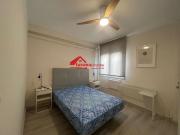 Piso en venta en Córdoba, Ciudad Jardín Zoco....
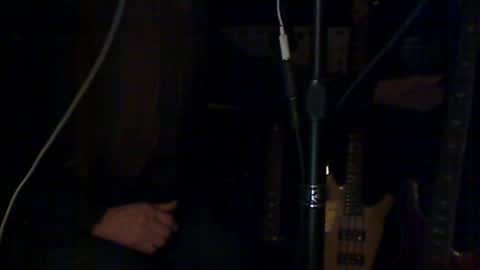 rockgod2112 online show from 12-19-25, 03:13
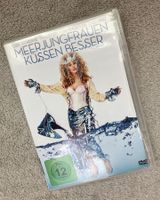 Meerjungfrauen küssen besser (DE/EN/FR/IT/SP) - Cher
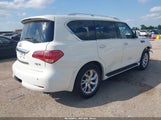 INFINITI QX56 JN8AZ2NFXB9500866 снимка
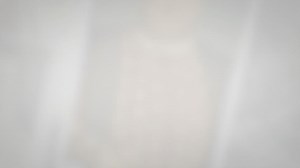 How did the Renaissance influence the Reformation - DailyHistory.org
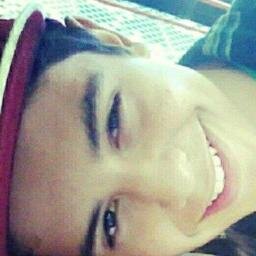 16 anos, Lindo, Gostoso, Friboi :)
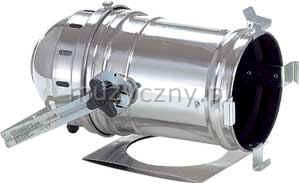 AN PL PAR 64 dlouhé pouzdro AN PL PAR 64 dlouhé pouzdro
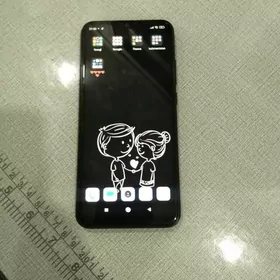 Redmi 10A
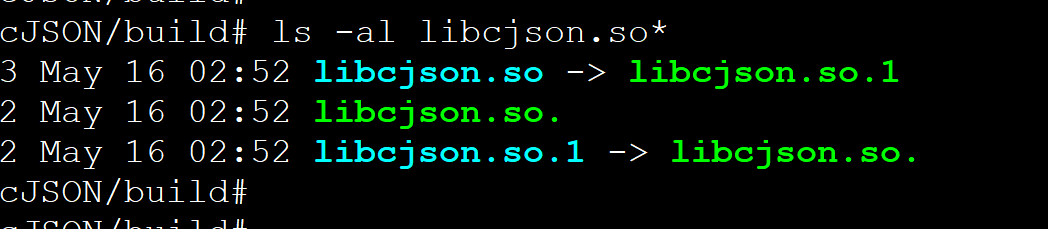 A6E95930-D2DB-4cc3-A6BA-467A56964CC3.png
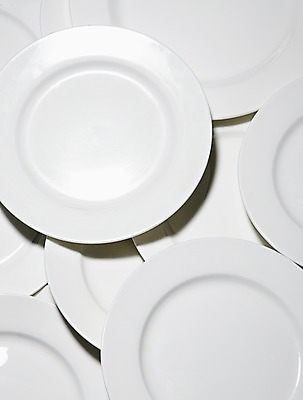 포토 JPG 스튜디오촬영 그릇 식기 접시 생활용품 백그라운드 주방용품 실내 사람없음 하이앵글 일렬 국내포토 뷰포인트 내부 오브젝트 파일형식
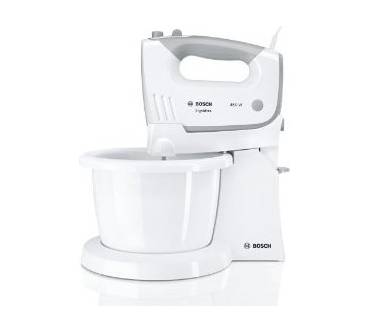 Produktbild Bosch MFQ36460 ErgoMixx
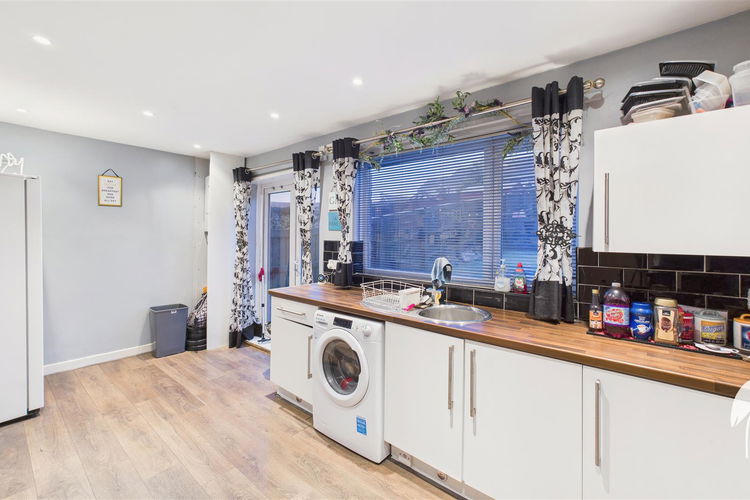 Kitchen/Diner - Picture 5 of 21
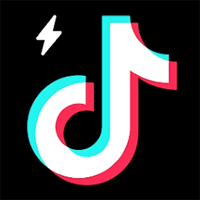 TikTok Lite appv36.3.2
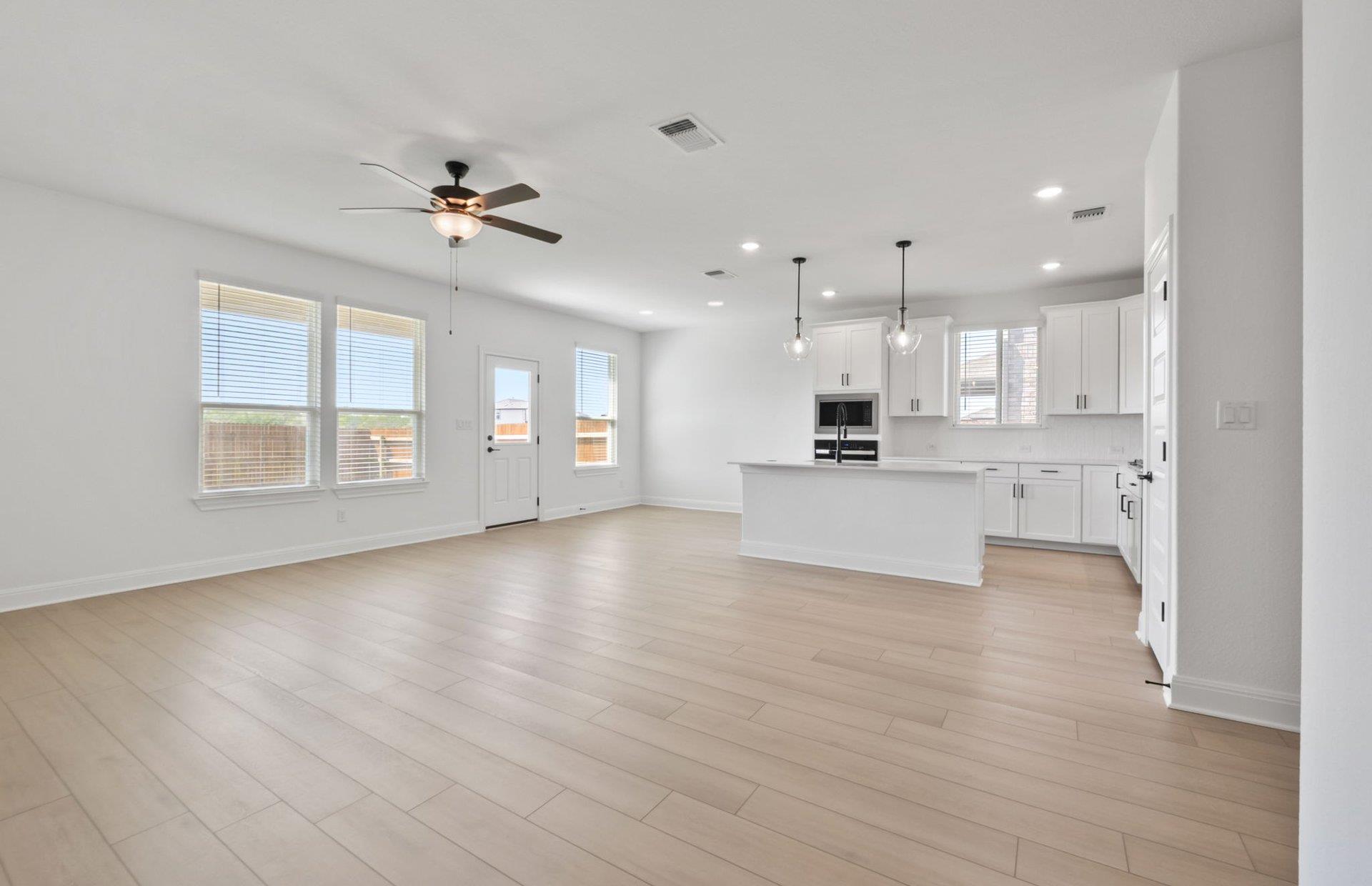 16817 Catemaco Walk, Manor, TX 78653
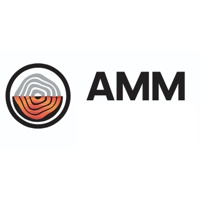 AMM - Astana Mining & Metallurgy 2027 Astana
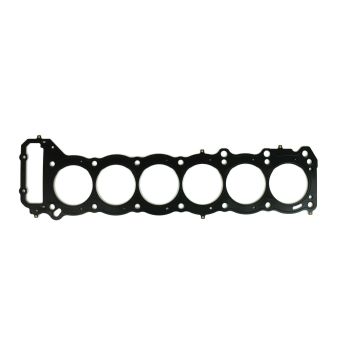 Athena Head Gasket MLS for Toyota Land Cruiser / 1FZ-FE 0.8mm 101.5mm 338440R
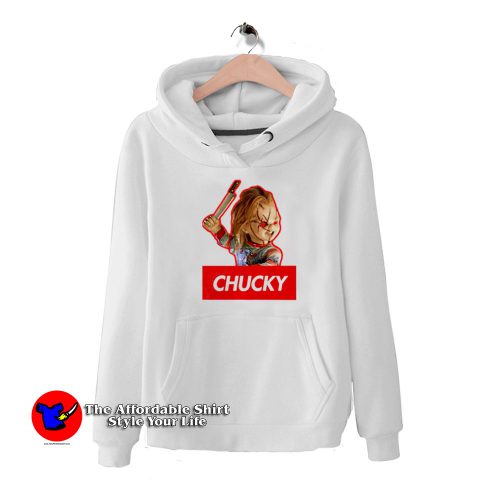 Trends Supreme Chucky Angry Unisex Hoodie 500x500 Trends Supreme Chucky Angry Unisex Hoodie Cheap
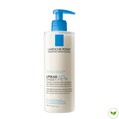 Крем-гель для обличчя і тіла La Roche-Posay Lipikar Syndet AP+ очищующий, для дуже сухої шкіри, 400 мл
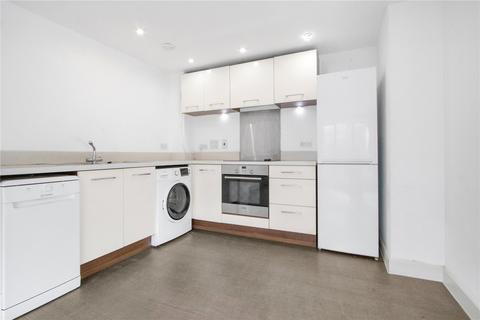 2 bedroom apartment to rent, Priam House, Swindon SN2
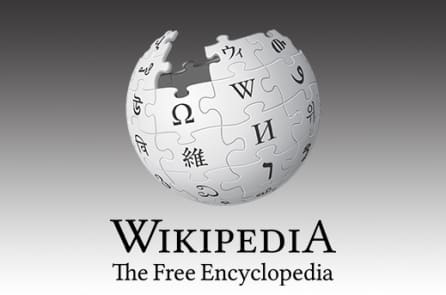 Wikimedia cấm 7 người dùng, 12 quản trị viên Trung Quốc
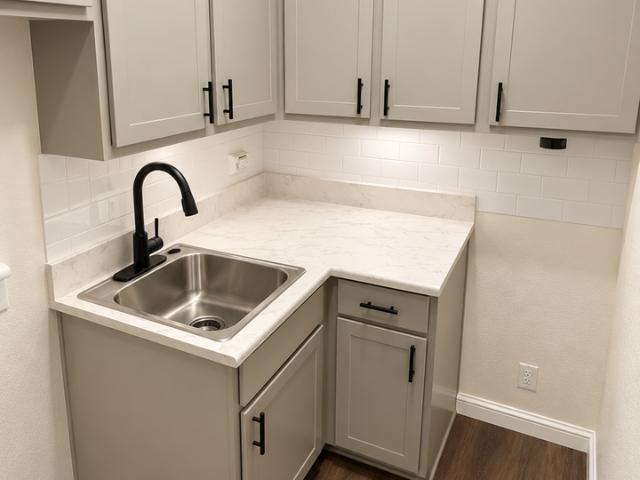 Apartment for rent in Augusta, Richmond County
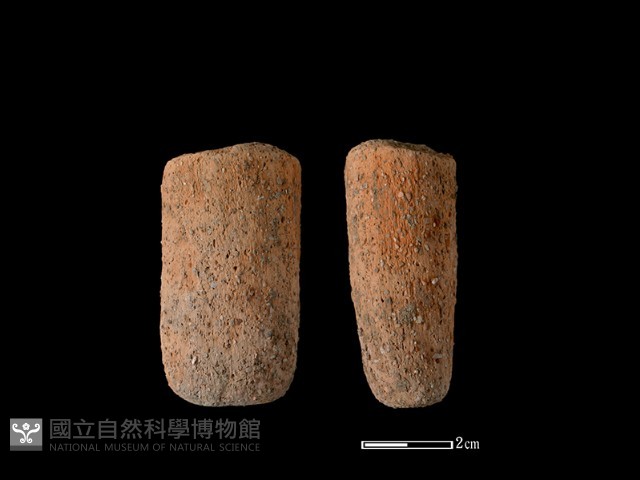 鼎足藏品圖，第1張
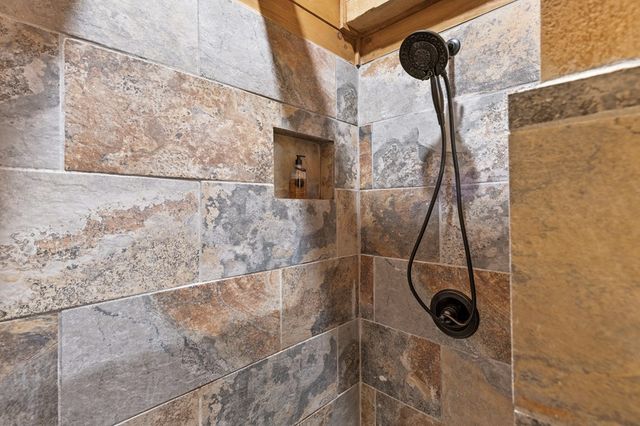 267 Granny Branch, Cherry Log, GA 30522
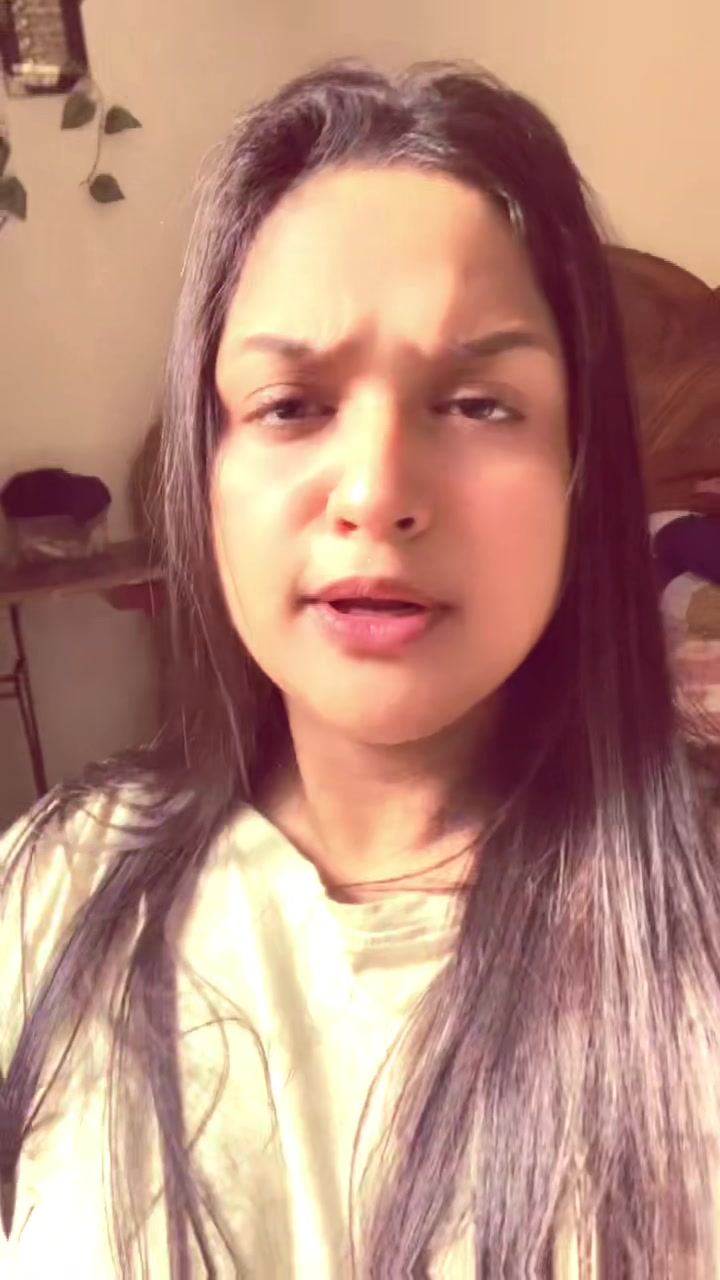 @🦋🍁Sweet Pagli🥰🔥
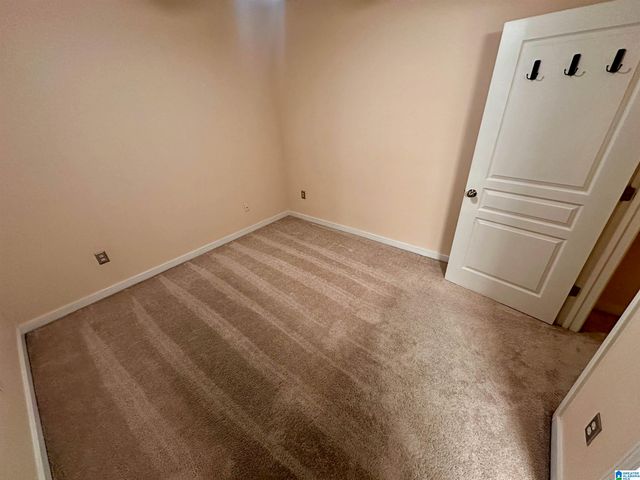2020 5TH AVENUE, Birmingham, AL 35233
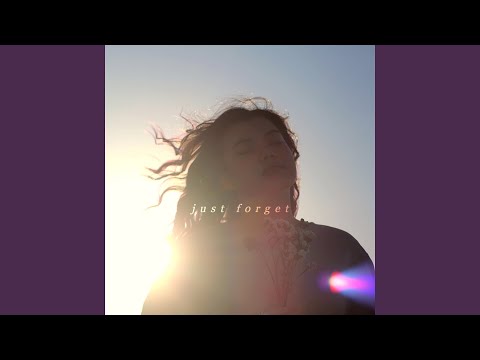 Music Video Preview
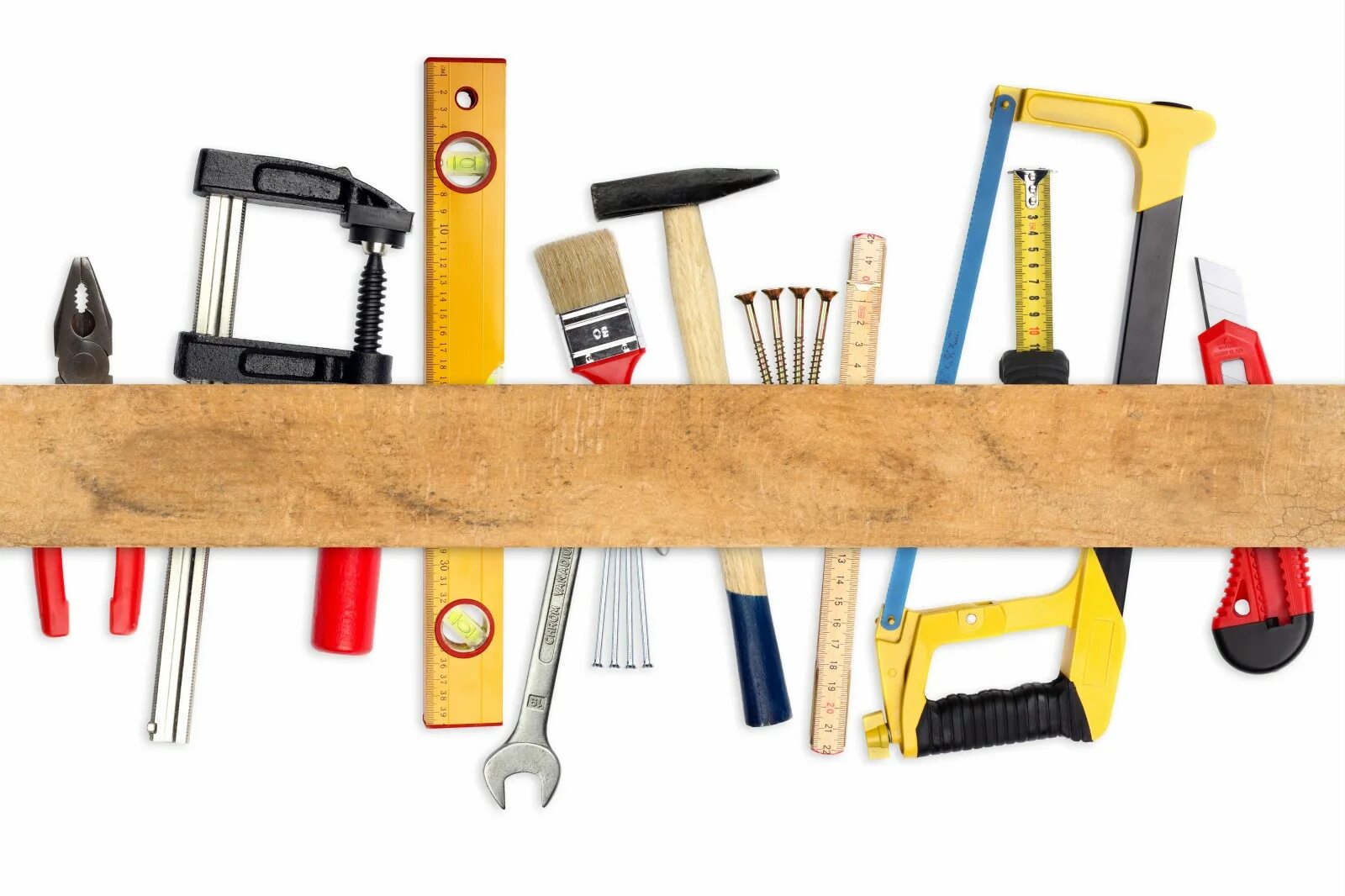 Tools sharing. Строительные инструменты. Инструменты для стройки. Стройматериалы инструменты строительные. Рабочие инструменты.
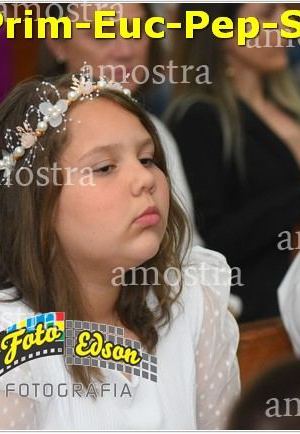 21988-Prim-Euc-Pep-Socorro-22-11-2025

-- Problem to solve --
When you copy the data, keep every line exact and drop the pictures.

-- Task result --
 Piso en venta en Córdoba, Ciudad Jardín Zoco....
 rockgod2112 online show from 12-19-25, 03:13
 Meerjungfrauen küssen besser (DE/EN/FR/IT/SP) - Cher
 INFINITI QX56 JN8AZ2NFXB9500866 снимка
 How did the Renaissance influence the Reformation - DailyHistory.org
 16 anos, Lindo, Gostoso, Friboi :)
 AN PL PAR 64 dlouhé pouzdro AN PL PAR 64 dlouhé pouzdro
 Redmi 10A
 A6E95930-D2DB-4cc3-A6BA-467A56964CC3.png
 포토 JPG 스튜디오촬영 그릇 식기 접시 생활용품 백그라운드 주방용품 실내 사람없음 하이앵글 일렬 국내포토 뷰포인트 내부 오브젝트 파일형식
 Produktbild Bosch MFQ36460 ErgoMixx
 Kitchen/Diner - Picture 5 of 21
 TikTok Lite appv36.3.2
 16817 Catemaco Walk, Manor, TX 78653
 AMM - Astana Mining & Metallurgy 2027 Astana
 Athena Head Gasket MLS for Toyota Land Cruiser / 1FZ-FE 0.8mm 101.5mm 338440R
 Trends Supreme Chucky Angry Unisex Hoodie 500x500 Trends Supreme Chucky Angry Unisex Hoodie Cheap
 Крем-гель для обличчя і тіла La Roche-Posay Lipikar Syndet AP+ очищующий, для дуже сухої шкіри, 400 мл
 2 bedroom apartment to rent, Priam House, Swindon SN2
 Wikimedia cấm 7 người dùng, 12 quản trị viên Trung Quốc
 Apartment for rent in Augusta, Richmond County
 鼎足藏品圖，第1張
 267 Granny Branch, Cherry Log, GA 30522
 @🦋🍁Sweet Pagli🥰🔥
2020 5TH AVENUE, Birmingham, AL 35233
 Music Video Preview
 Tools sharing. Строительные инструменты. Инструменты для стройки. Стройматериалы инструменты строительные. Рабочие инструменты.
 21988-Prim-Euc-Pep-Socorro-22-11-2025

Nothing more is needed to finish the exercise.